Wang Yi, China's Foreign Minister, publicly endorsed Pakistan's mediatory role in US-Iran dialogue on 13 May 2026, the day before the Trump-Xi summit opens in Beijing 1. The endorsement followed a 12 May call between Wang and Pakistani Foreign Minister Ishaq Dar that covered Hormuz mediation and safe passage. The Pakistan channel has been the primary US-Iran mediator since the early weeks of the war; Iran missed the 9 May deadline for its reply on the US 7-point MOU , and no new written text has crossed the wire since.
By placing the endorsement on the record on 13 May, Xi Jinping has told the region the channel stays in Islamabad before Trump's wheels touch down on 14 May.
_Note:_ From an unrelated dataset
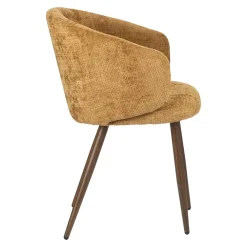 Luna Chair Gold (set van 2)
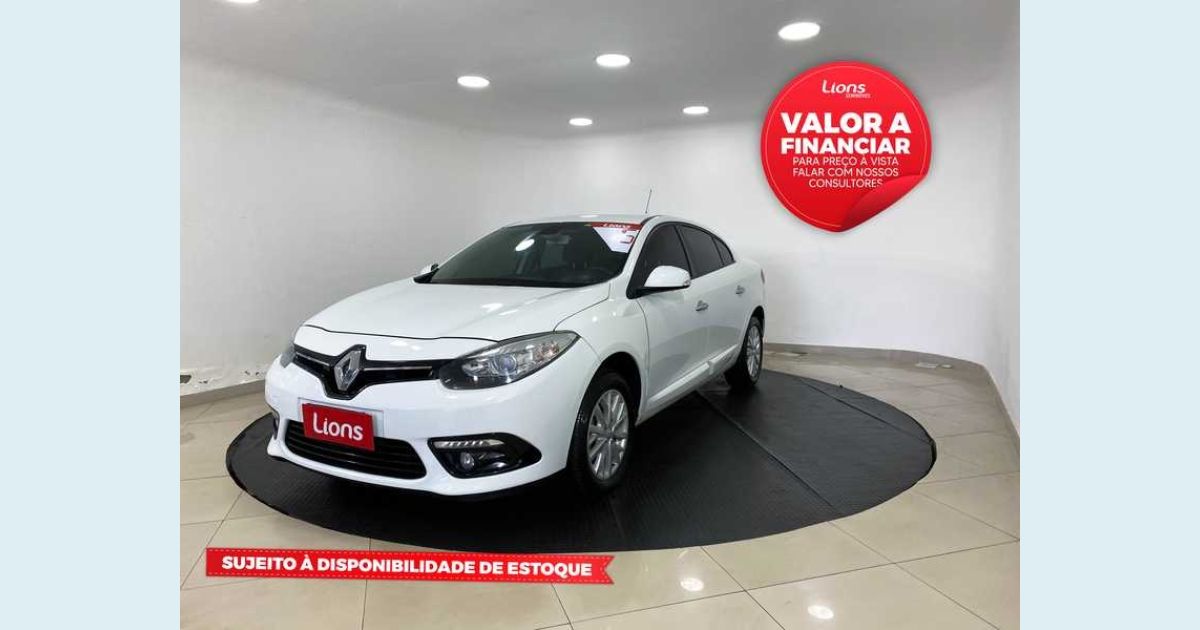 RENAULT FLUENCE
That forecloses the bilateral handoff a US side might have hoped to extract: Trump arrives not to receive the channel from Xi, but to find that Xi has already published the architecture in advance. Wang Yi's readout with Dar paired Hormuz mediation with safe passage, the two operational dossiers Beijing wants kept inside the Pakistan track rather than transferred onto the Sino-American bilateral.
MOFCOM's 2 May Blocking Rules activation remains live alongside the mediation endorsement, legally barring five named Chinese refineries from complying with OFAC's Iran programme, which now includes the 11 May Hong Kong designations . Beijing is preserving the legal counter-architecture and the mediation channel simultaneously. For the negotiation architecture going into the 14-15 May summit, that means Trump arrives with 15,000 personnel in the strait but no Chinese willingness to redirect the diplomatic text, despite officials trailing Iran as a formal agenda item.